Return the records in full, exactly as given.

INFORMATION SHOWN Start Marker

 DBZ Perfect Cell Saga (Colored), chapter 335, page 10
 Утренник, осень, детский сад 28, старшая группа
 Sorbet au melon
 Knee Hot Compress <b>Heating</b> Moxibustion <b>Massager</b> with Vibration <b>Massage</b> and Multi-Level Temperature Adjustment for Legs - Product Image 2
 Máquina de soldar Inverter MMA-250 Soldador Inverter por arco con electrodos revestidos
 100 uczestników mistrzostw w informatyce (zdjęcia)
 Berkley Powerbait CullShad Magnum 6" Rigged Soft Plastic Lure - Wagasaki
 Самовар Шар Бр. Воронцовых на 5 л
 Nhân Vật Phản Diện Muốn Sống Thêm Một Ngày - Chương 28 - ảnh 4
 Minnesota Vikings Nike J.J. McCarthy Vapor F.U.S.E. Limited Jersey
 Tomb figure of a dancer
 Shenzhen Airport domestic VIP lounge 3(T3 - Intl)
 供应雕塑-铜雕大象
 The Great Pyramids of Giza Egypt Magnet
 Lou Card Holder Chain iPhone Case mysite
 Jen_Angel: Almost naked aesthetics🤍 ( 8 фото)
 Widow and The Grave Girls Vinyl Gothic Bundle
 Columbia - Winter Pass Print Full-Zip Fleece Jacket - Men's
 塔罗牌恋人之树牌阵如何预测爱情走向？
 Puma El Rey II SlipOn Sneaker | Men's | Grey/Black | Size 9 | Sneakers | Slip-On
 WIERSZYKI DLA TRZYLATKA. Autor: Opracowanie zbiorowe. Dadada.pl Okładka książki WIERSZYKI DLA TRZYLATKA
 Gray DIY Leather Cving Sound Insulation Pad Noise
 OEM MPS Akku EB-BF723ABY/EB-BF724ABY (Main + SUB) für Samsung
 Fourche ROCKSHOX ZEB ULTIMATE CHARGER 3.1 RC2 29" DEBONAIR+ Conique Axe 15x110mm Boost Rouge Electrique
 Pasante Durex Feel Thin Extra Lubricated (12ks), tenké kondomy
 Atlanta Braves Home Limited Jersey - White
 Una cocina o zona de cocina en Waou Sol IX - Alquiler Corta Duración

INFORMATION SHOWN End Marker

— THE COMPLETED TASK —
 DBZ Perfect Cell Saga (Colored), chapter 335, page 10
 Утренник, осень, детский сад 28, старшая группа
 Sorbet au melon
 Knee Hot Compress <b>Heating</b> Moxibustion <b>Massager</b> with Vibration <b>Massage</b> and Multi-Level Temperature Adjustment for Legs - Product Image 2
 Máquina de soldar Inverter MMA-250 Soldador Inverter por arco con electrodos revestidos
 100 uczestników mistrzostw w informatyce (zdjęcia)
 Berkley Powerbait CullShad Magnum 6" Rigged Soft Plastic Lure - Wagasaki
 Самовар Шар Бр. Воронцовых на 5 л
 Nhân Vật Phản Diện Muốn Sống Thêm Một Ngày - Chương 28 - ảnh 4
 Minnesota Vikings Nike J.J. McCarthy Vapor F.U.S.E. Limited Jersey
 Tomb figure of a dancer
 Shenzhen Airport domestic VIP lounge 3(T3 - Intl)
 供应雕塑-铜雕大象
 The Great Pyramids of Giza Egypt Magnet
 Lou Card Holder Chain iPhone Case mysite
 Jen_Angel: Almost naked aesthetics🤍 ( 8 фото)
 Widow and The Grave Girls Vinyl Gothic Bundle
 Columbia - Winter Pass Print Full-Zip Fleece Jacket - Men's
 塔罗牌恋人之树牌阵如何预测爱情走向？
 Puma El Rey II SlipOn Sneaker | Men's | Grey/Black | Size 9 | Sneakers | Slip-On
 WIERSZYKI DLA TRZYLATKA. Autor: Opracowanie zbiorowe. Dadada.pl Okładka książki WIERSZYKI DLA TRZYLATKA
 Gray DIY Leather Cving Sound Insulation Pad Noise
 OEM MPS Akku EB-BF723ABY/EB-BF724ABY (Main + SUB) für Samsung
 Fourche ROCKSHOX ZEB ULTIMATE CHARGER 3.1 RC2 29" DEBONAIR+ Conique Axe 15x110mm Boost Rouge Electrique
 Pasante Durex Feel Thin Extra Lubricated (12ks), tenké kondomy
 Atlanta Braves Home Limited Jersey - White
 Una cocina o zona de cocina en Waou Sol IX - Alquiler Corta Duración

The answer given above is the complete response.